Atlanta appears to represent hometown pride in part by relentless promotion of Coca Cola products, which were offered gratis throughout the meeting. I only recently gave up my diet Coke habit, a long-overdue New Year’s resolution, and it was until then my only source of caffeine. I did not falter and I had packed a half-dozen green tea bags, but the whole experience was not unlike what I imagine a former smoker feels in Las Vegas, or at an AA meeting. Perhaps this colored my perception unfairly.
The meeting I attended had a nice warm-up introduction for people about to spend 12 uninterrupted hours per day together. Before we began, everyone in the room was asked to introduce themselves and provide an anecdote about something interesting that had happened in the last six months (the group meets twice a year, but this was my first time). I said that this year we had started taking our kids to schools on our bikes. As an introduction, this turned out to be pretty popular, at least in a room full of doctors. It wasn’t as impressive as the woman who had started open-water swimming in the Atlantic Ocean near NYC, and had kept it up right into January, and rightly so, but still, not bad.

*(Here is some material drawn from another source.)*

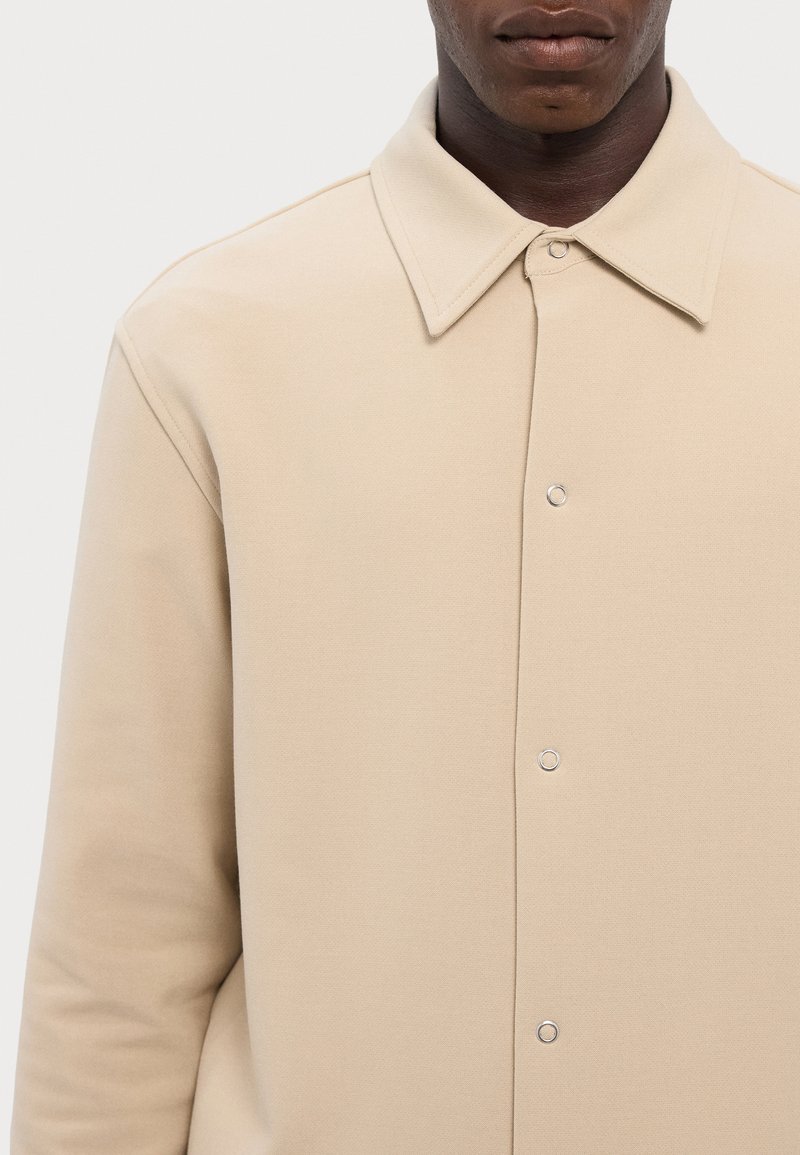 Beige overhemd met kraag, gemaakt van zacht materiaal, met een knoopsluiting aan de voorkant en zilveren hardware met een gladde textuur.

At lunch and dinner I ended up sitting next to the only other vegetarian in our own little catering ghetto. We passed the time by guessing what our eventual entrée would be, a game that quickly grew dull as the answer was always pasta with vegetables.
She mentioned that she took her kids around town, specifically small-town Indiana, on a trailer attached to their bikes. Represent, team oddball! Although they walked to school, they traveled regularly by bicycle for errands, sometimes piling groceries around the kids until only their faces were visible. But, she said, she would never put her kids in a trailer in city traffic. At last, I have independent confirmation of my theory that trailers are for small towns and suburbs.

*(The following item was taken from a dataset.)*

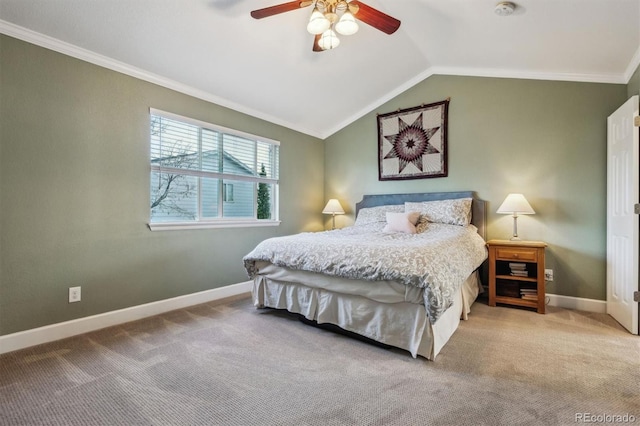 carpeted bedroom featuring baseboards, crown molding, vaulted ceiling, and ceiling fan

Her son is now riding on his own bicycle, even though he is slightly younger than mine, but of course they have no traffic concerns. And we talked about when it might make sense to put kids on their own bikes in city traffic, which I think depends largely on the extent of protective lanes given to bicycles. I have no issues with our son riding in Golden Gate Park, even though he can’t brake yet. I won’t have issues with him biking in a separated lane once he can use his brakes consistently. An urban oncologist noted that although he loved riding, he only commuted by bicycle on weekends, because the traffic where he lived was too frightening on weekdays even for an adult. Once outside of a small town, I have to agree: no infrastructure, no bicycle commuting.
And speaking of braking: although my son can’t use the ones on his bicycle yet, he can at least conjugate them, informing me with delight before I left that while the past tense of break, when you break something, is broke, but the past tense of brake, when you stop your bike, is braked, which he found enormously amusing. The bicycle commute just keeps giving.